Reforming the church
There is undoubtedly a convergence between theological and social criticisms of Francis, with reactionary ecclesial groups aligning themselves with powerful economic and political groups, especially in the North.
The opposition to Francis is opposition to the Second Vatican Council and to the evangelical reform of the church that Pope John XXIII wanted to promote. Francis belongs to the line of all the prophets who have wanted to reform the church, joining Francis of Assisi, Ignatius of Loyola, Catherine of Siena and Teresa of Jesus, Angelo Roncalli, Dom Hélder Câmara, Dorothy Stang, Pedro Arrupe, Ignacio Ellacuría and the nonagenarian Brazilian bishop emeritus Pedro Casaldáliga.
Francis still has many tasks to complete for an evangelical reform of the church. We do not know what his future trajectory will be, nor what will happen in the next conclave.
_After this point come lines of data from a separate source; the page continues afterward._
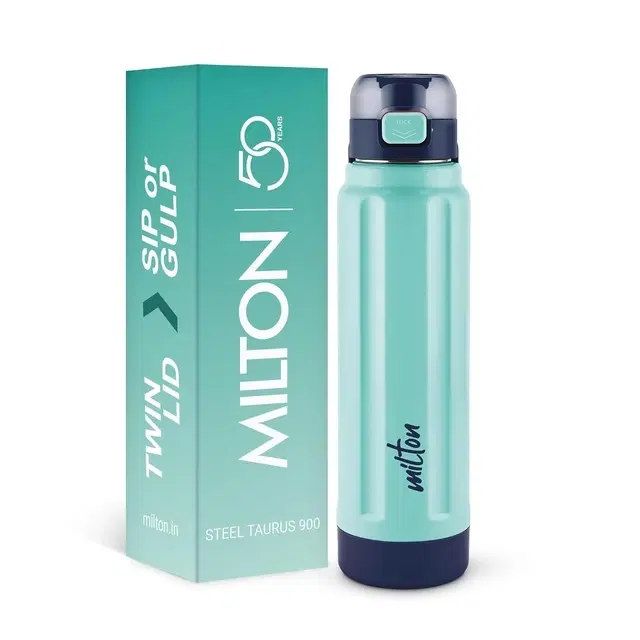 Milton Taurus 900 Steel Thermoware, Inner Stainless Steel, Pu Insulated, Leak Proof Water Bottle For School Kids, Office, Gym, Easy To Carry Handle, 665 ml, Blue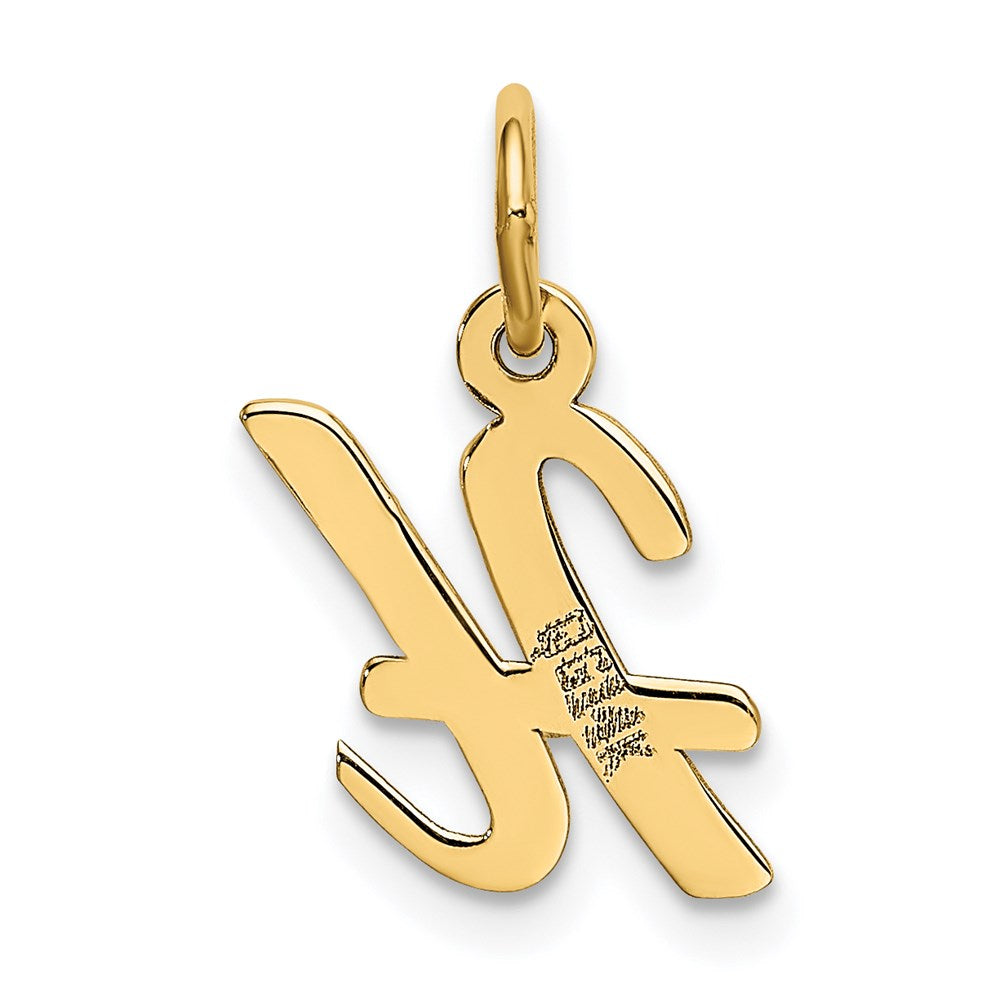 Million Charms 14K Yellow Gold Themed Small Script Alphabet Letter Initial H Charm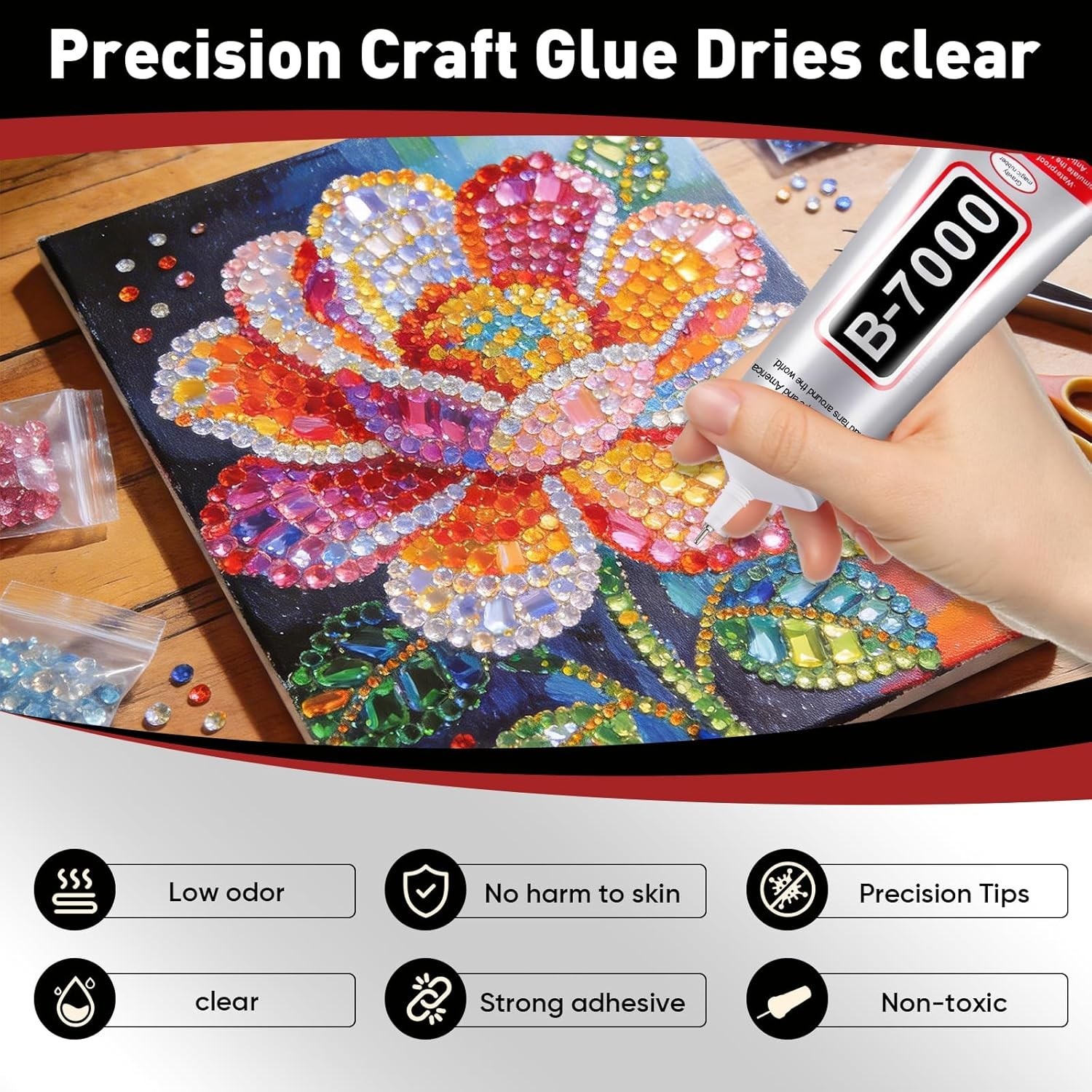 2 PCS 110ml Glue Clear with Precision Tip, Bedazzling Glue, Rhinestone Glues,…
Popes come and go, but the Lord Jesus is ever present and animates the church until the end of time. It is the same Jesus who was seen as an eater and drinker, a friend of sinners and prostitutes, the possessed, crazy, seditious and blasphemous. And we believe that the Spirit of the Lord who descended upon the early church at Pentecost never abandons her and will not allow sin to triumph over holiness in the long run.
In the meantime, as Francis always asks, from his first appearance on the balcony of St. Peter’s as bishop of Rome to the present day, let us pray to the Lord for him. Let us pray that he not lose hope and that he may strengthen the faith of his brothers and sisters (see Luke 22:32). And if we cannot pray or we are not believers, let us at least send him our good thoughts and energy (in his words, “me mande buena onda”).
Editor's note, Sept. 13: This article, adapted from the Spainish, has been edited in keeping with America's style.